What is needed
In your copy, each record should read exactly as it does below, and no pictures should be present.

Exercise data
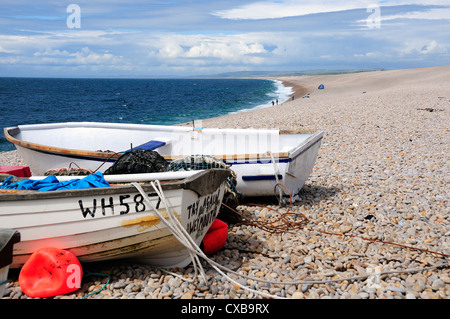 Chesil Beach con barche da pesca tirato fuori sulla ghiaia sull'isola di Portland, vicino a Weymouth Dorset, Inghilterra Foto Stock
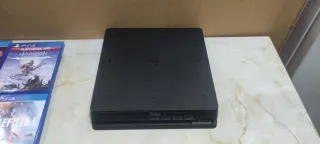 PS4 (PlayStation 4) + 2 mandos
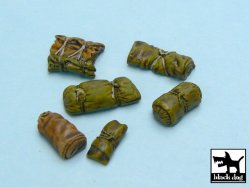 画像3: BLACK DOG[T48018]1/48 汎用 テント&毛布セット1(計24個入り)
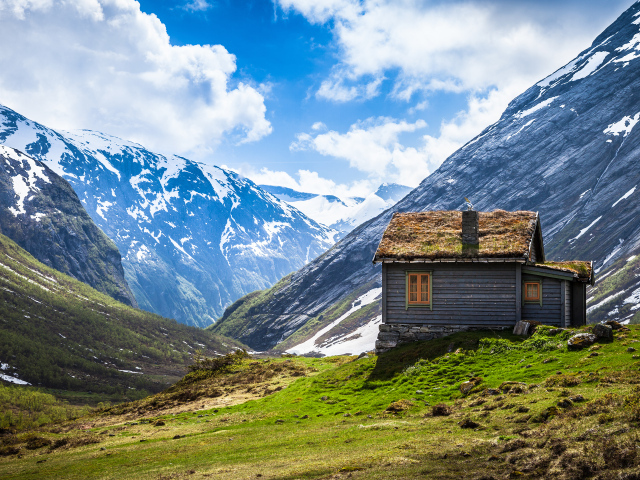 Одинокий дом в горах в Норвегии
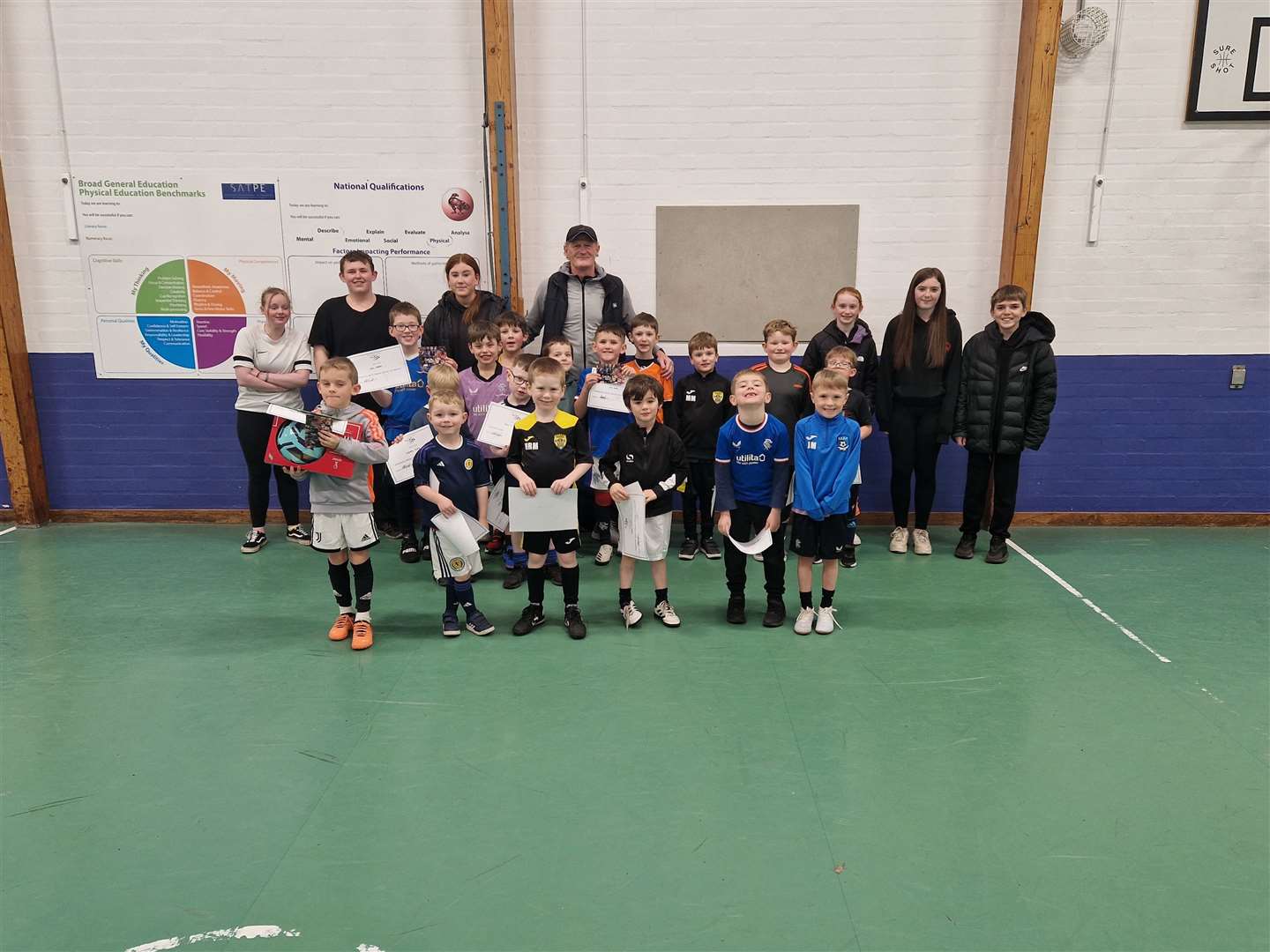 Colin Hendry with some of the children taking part in the football sessions in Thurso.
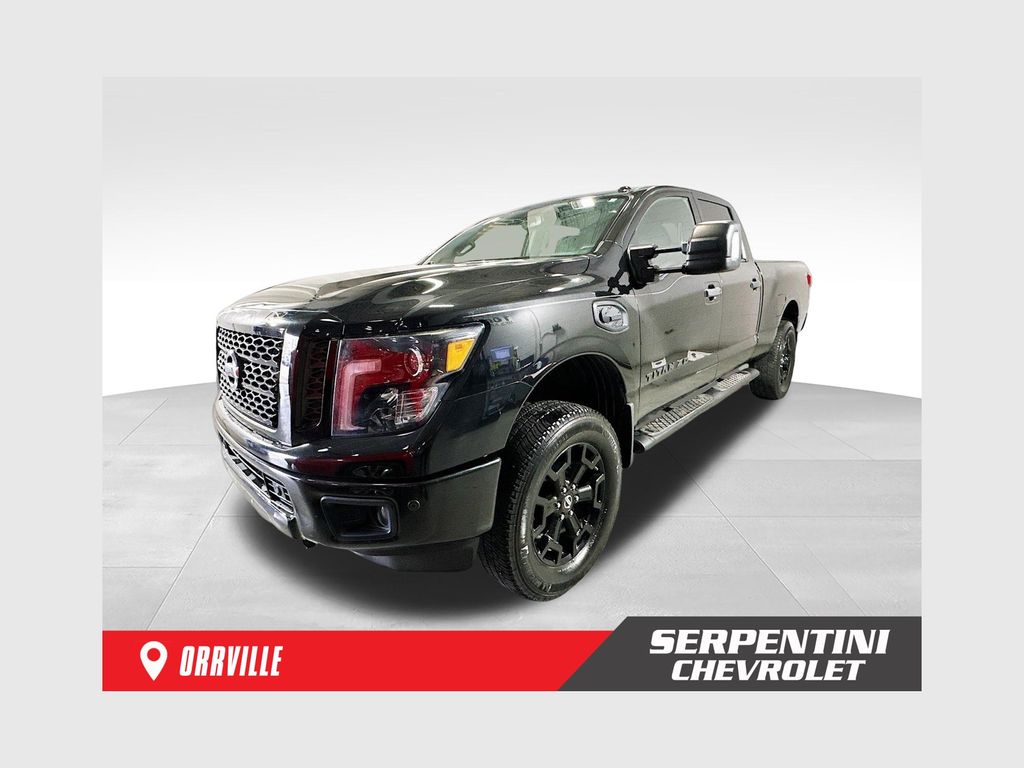 2018 Nissan Titan XD SV Crew Cab 4WD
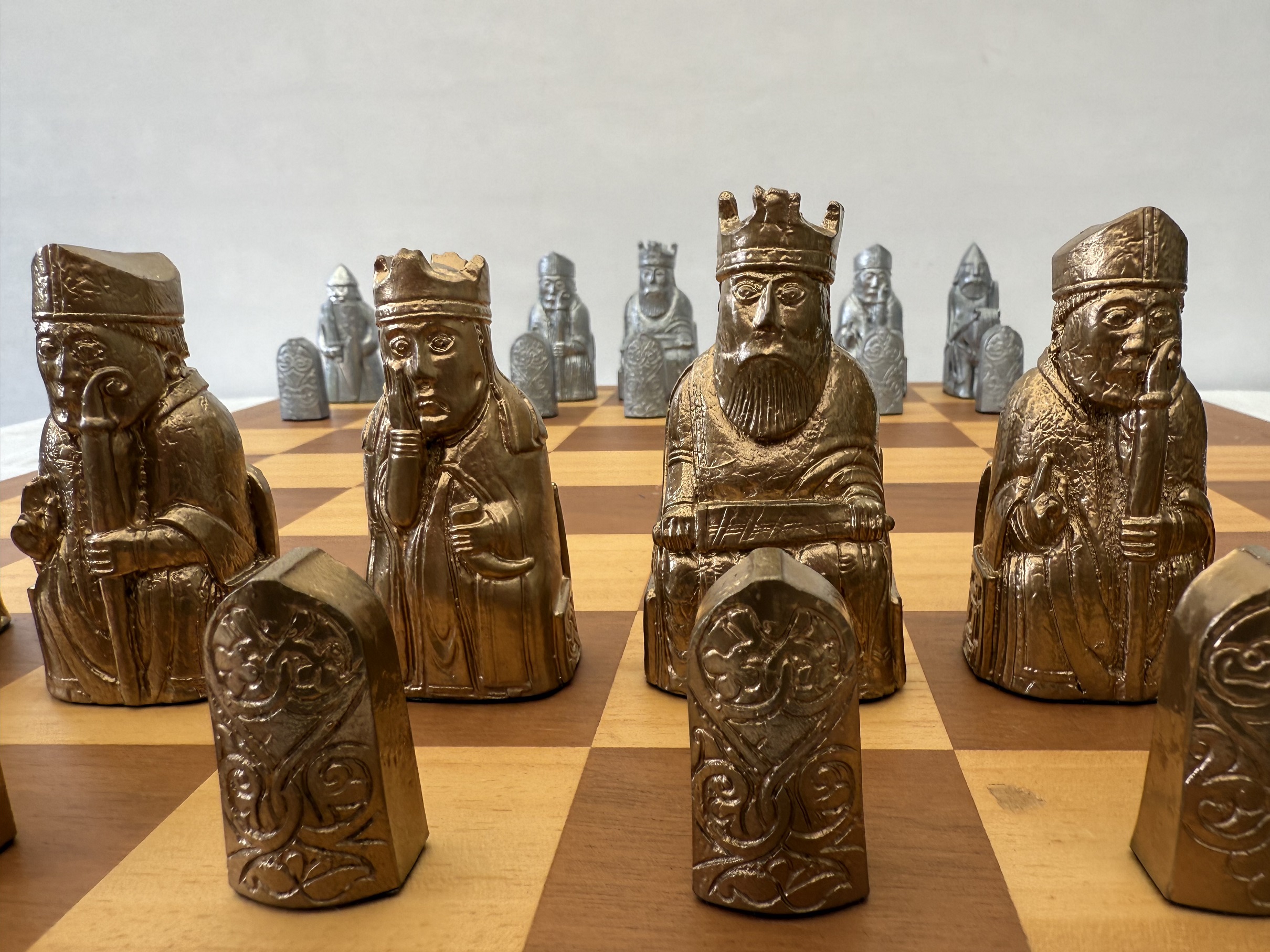 theme and staunton chess and backgammon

Written answer
 Chesil Beach con barche da pesca tirato fuori sulla ghiaia sull'isola di Portland, vicino a Weymouth Dorset, Inghilterra Foto Stock
 PS4 (PlayStation 4) + 2 mandos
 画像3: BLACK DOG[T48018]1/48 汎用 テント&毛布セット1(計24個入り)
 Одинокий дом в горах в Норвегии
 Colin Hendry with some of the children taking part in the football sessions in Thurso.
 2018 Nissan Titan XD SV Crew Cab 4WD
 theme and staunton chess and backgammon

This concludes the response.